Thursday, September 12, 2019

Hokum - Donnie

Hokum officially begins filming on 23rd, although the first major scene is due to be filmed on the 26th. A tricky scene which will involve a lot of creativity and strong sound design to successfully depict the unfurling chaos and establish the movie’s main characters. From this date we are filming in order, initially, and a lot of useful character exposition will be delivered entirely by their actions in this opening scene. A great weight is being placed on the actors and I am confident I have the right mix of talent to successfully deliver the script and really convey the story. However, the first scene was never the original opening, but the story was developed, quite significantly and has benefitted from a useful back story which will take us the original starting point. Now that was an opening! So, including this scene, whilst still impactful and stark, means it must step up and hit like a sledgehammer. There will be decisions and options, and many will be made at the edit. As it stands, I have a script and a movie which is powerful, linear and unrelenting in its use of symbolism, chaos and violence, but things may be switched around. I still have the option to use the original opener and all of this excites me.

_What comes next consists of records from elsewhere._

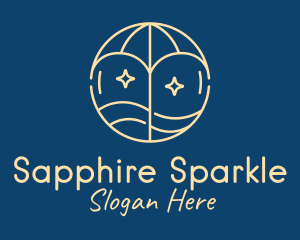 Sparkle Ball Toy logo design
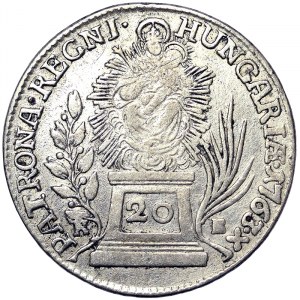 Austria, Maria Theresia, 20 Kreuzer 1763, Kremnitz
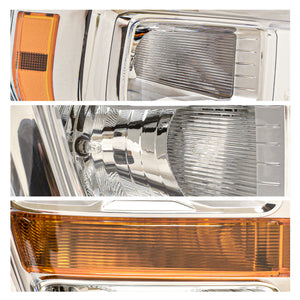 Faro F150 Lobo 21-23 c/focos cromo izq.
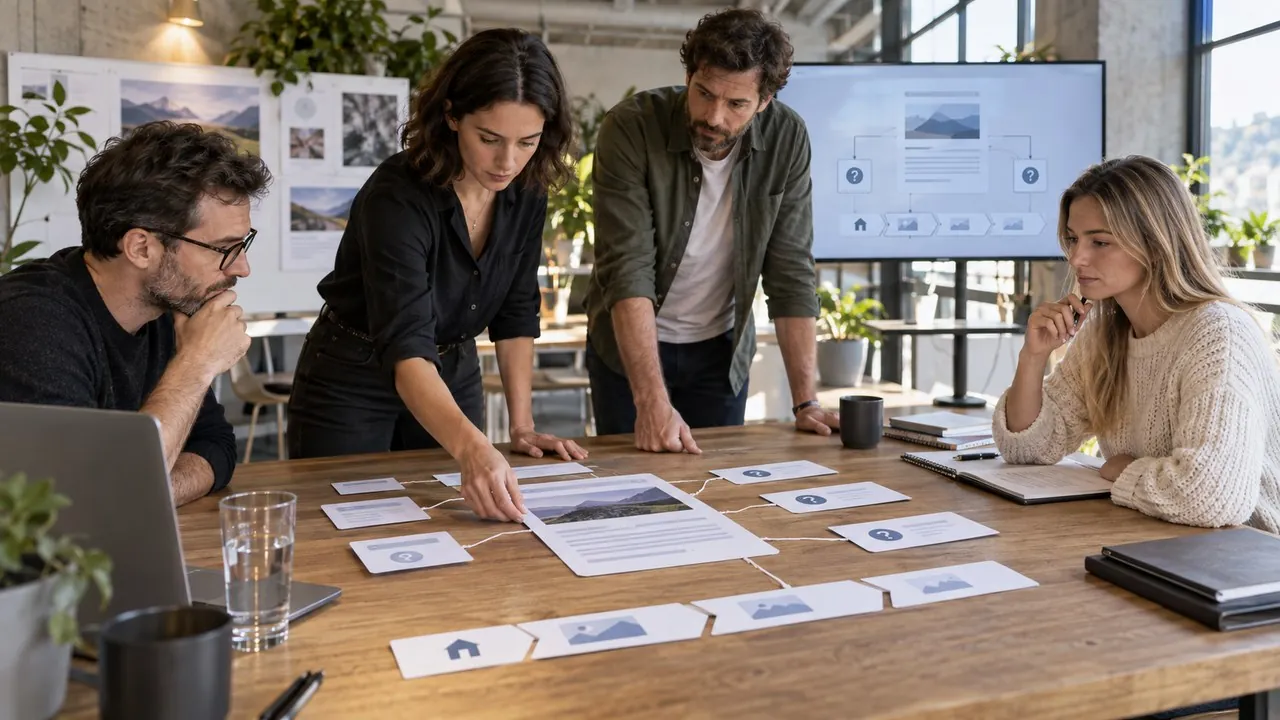 What is an entity strategy for a web agency website?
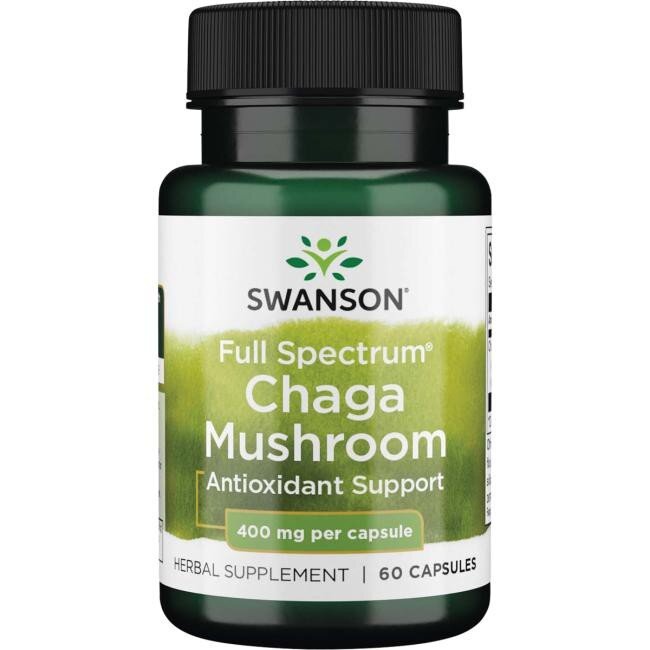 sw1385-1-1.jpg Swanson Full Spectrum Chaga Mushroom 400 mg - 60 kapsułek - obrazek 1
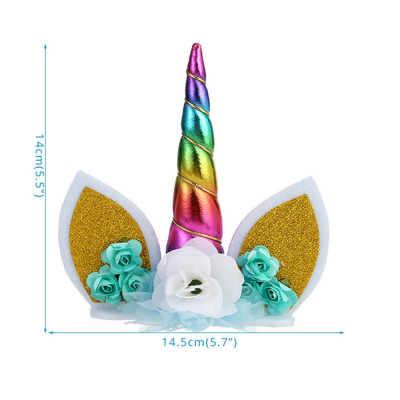 Unicorn Eyelash Decoration Set Children 'S Unicorn Hair Band Headband Party Unicorn Cake Stand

On the 23rd, it’s all the fun of the fair, with a local fair coming to town for 10 days. The script originally had a fairground location, however, the reality of securing such a location and getting it to fit into everyone’s schedule was looking unlikely, until discussions with the council and an understanding of opportunities was properly realised. It’s detail like this which will elevate the story and imagery, as I’ve struggled with these elements in previous productions.

There is no doubt that this whole world and the characters who inhabit it could be used in a feature. The script is already long, probably too long for a short intended for festivals and will run for approximately 22 to 25 minutes. However, this is a time of risks and rising to the challenge.

I met with Jim Low (Donnie) last week and his enthusiasm for the movie and his character imbues a sense of safety and galvanises confidence. I am sure I have the right man for the job, despite some slight consternation from others. Jim, ‘little big man’; a Scot, hailing from Dundee, has a seen a lot and is aware of the personal trappings, frustrations and unrelenting anger that Donnie experiences. He will draw upon his own experiences; people he’s known and will fully inhabit the character. I have no doubt about his capabilities and Jim was my only Donnie, right from the get-go.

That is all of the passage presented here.